So, we’ve arrived at the 8th and last of the “steps” that Peter laid out in II Peter 1:3-11 to build or sustain a person’s faith over time.
I have always appreciated Pastor Craig’s definition of love as “doing what’s best for another person.” This is his definition of how we truly walk out agape love and that is a love whose source is the deepest place of the heart and comes about as a result of a conscious choice to love, not from a feeling.
I also like a book title I remember from my college days, “Love is a Verb.” Very simply, this phrase says it all: love carries actions with it. The hard part is accepting that loving others, acting in someone else’s best interests, and reaching out to them may not always be reciprocated. Love has to be rooted in our love for Christ or we will often feel like we are coming up short.

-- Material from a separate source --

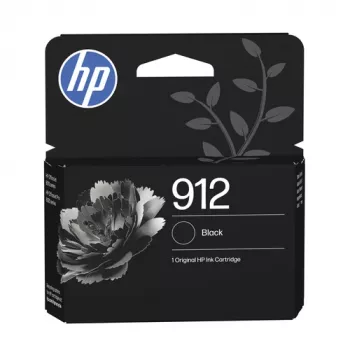 HP 912 zwarte originele inktcartridge (6,5 ml) voor OfficeJet 8010/Pro 8020-serie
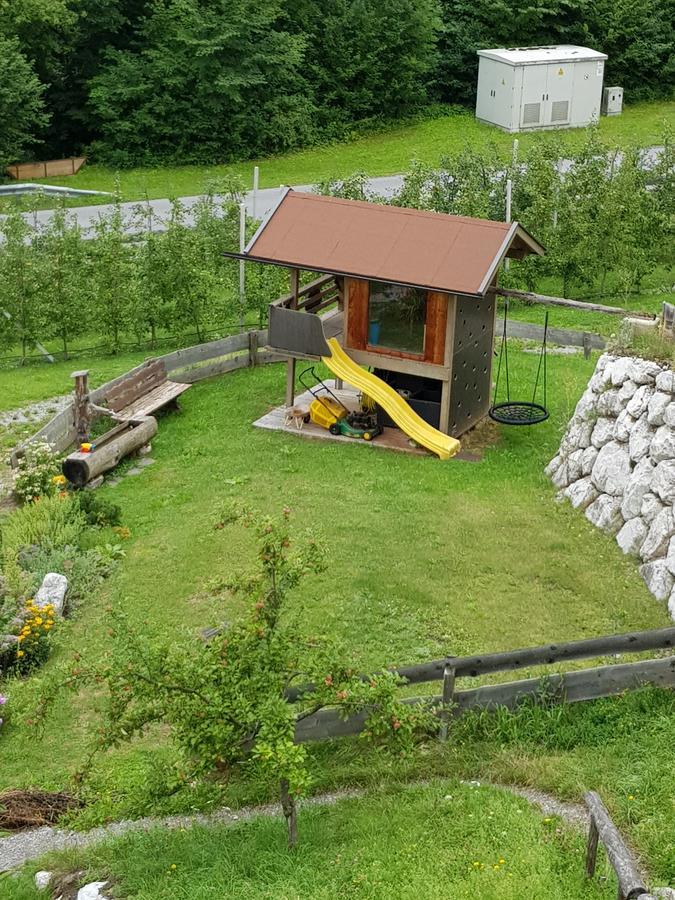 Pension Bauernhof Spielmann Миминг Экстерьер фото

Pastor Craig says we are here on earth to love. And although I’m sure he is correct, I don’t believe we, as humans, are doing this very well. We certainly want to “be loved” and to “feel love” but we are not so quick to do the loving ourselves. There is too much chance for pain.

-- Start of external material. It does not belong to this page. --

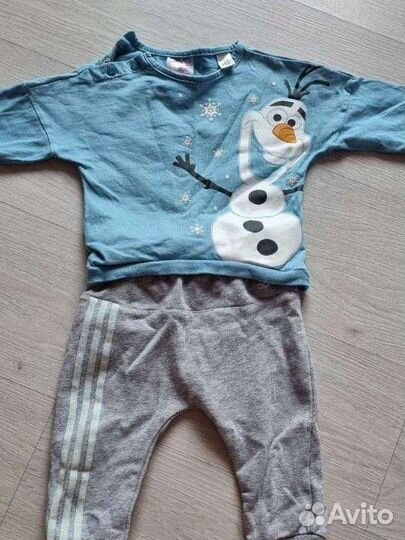 Спортивный костюм adidas для девочек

This is really the same point of view I shared On Brotherly Affection 3. If agape love is from the deepest place of the heart but we have walled off our heart for fear of being hurt or disappointed, our love is pretty puny. We keep our love “safe.” We don’t take risks. We don’t forgive.
Pastor Craig laid out a few helps to learning how to love… and the first one and most important is knowing and trusting that we are in the hands of God. This understanding is key to all of the steps we have discussed these past 50 days with Christ. Each element, whether it is faith, virtue, knowledge, self-control, perseverance, godliness, or love, must be rooted in our security that God is sovereign and God is loving (doing what is best for me) me and God is forgiving.